Well, I’m not sure that’s so funny, but it does make a point: we do need to do what God wants us to do. And it is the job of every preacher to tell the people what he/she thinks they should do. Being a minister is an interesting occupation: one wants to serve a church faithfully, but what does that entail? You want a minister whom you like, and the minister wants to like you. Think about it: it is strange to pay somebody to tell you maybe something that you don’t want to hear. Have you ever thought about that? You want somebody to lead you spiritually, and in most denominations you pay your minister! It is an interesting vocation: you may be paying somebody to tell you what you may not want to hear! I don’t have an answer. I like this church and I think you like me. But to be truly faithful to one’s calling, sometimes the preacher may have to step on some toes! Don’t worry! I have nothing weighing on my heart right now, or nothing that you don’t already know. But being a minister and preacher is an interesting calling. How does one serve God and serve the congregation, too?

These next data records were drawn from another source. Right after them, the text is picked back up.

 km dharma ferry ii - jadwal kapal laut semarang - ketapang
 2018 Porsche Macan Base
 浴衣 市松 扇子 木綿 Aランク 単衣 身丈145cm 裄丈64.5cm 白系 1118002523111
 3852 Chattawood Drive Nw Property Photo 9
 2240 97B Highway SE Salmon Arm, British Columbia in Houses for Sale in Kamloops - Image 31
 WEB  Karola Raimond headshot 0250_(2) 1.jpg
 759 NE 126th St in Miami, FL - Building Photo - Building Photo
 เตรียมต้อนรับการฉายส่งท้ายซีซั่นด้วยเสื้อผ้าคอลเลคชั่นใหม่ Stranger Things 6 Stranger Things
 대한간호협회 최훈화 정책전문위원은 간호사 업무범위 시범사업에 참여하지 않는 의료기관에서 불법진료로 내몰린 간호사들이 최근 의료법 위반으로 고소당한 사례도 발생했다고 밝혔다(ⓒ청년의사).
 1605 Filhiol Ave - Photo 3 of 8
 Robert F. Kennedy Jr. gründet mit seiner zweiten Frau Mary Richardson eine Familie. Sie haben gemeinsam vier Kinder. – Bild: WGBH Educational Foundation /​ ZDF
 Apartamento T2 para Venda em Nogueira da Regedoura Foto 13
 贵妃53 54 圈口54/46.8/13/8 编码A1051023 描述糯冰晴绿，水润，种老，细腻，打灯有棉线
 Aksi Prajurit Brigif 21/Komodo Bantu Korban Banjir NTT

In today’s Scripture, Jesus was telling the people what he thought they should hear, and they were so angry with what he had to say that they tried to do away with him. But he somehow escaped.
Let me get specific about what Jesus said and what made his listeners angry. He talked about centuries earlier in the days of the prophets Elijah and Elisha. There had been a 3-and-a-half-year famine in Israel, and the prophet Elijah was sent to help out a widow, but not a Hebrew woman! She was from Zarephath, near Sidon. And he helped her: Elijah helped a non-Jew, and Jesus’s listeners didn’t like hearing this!
The prophet Elisha was sent to help somebody, but again, not a Hebrew but a Syrian general by the name of Naaman. He was a leper and needed help. Elisha healed him, once Naaman got serious about getting healed. But those listening to Jesus didn’t like hearing this, either, and they tried to throw him off a cliff. They were not successful.
Verses 28 and 29 say this: “When they heard this, everyone in the synagogue flew into a rage. They got up and threw him out of town. They wanted to fling him off the mountain on which the town was built. But he slipped through the middle of them and went away.”
Says N. T. Wright, “Israel’s God was rescuing the wrong people.” From the beginning Jesus was about love and forgiveness, even loving and forgiving one’s enemies. This was not a popular message among many of Jesus’s own people. Jesus was not going to be a military leader, and “Unless they could see that this was the time for their God to be gracious, unless they abandoned their futile dreams of a military victory over their national enemies, they would suffer defeat themselves at every level - military, political, and theological.”
I’ll have to hand it to Jesus: he certainly didn’t try to cozy up to his first audience! Did he hear, “Good sermon! Good sermon!” No, they tried to kill him on his first day in the pulpit! Such courage! Such honesty! What a man! What a Son of God! Amen.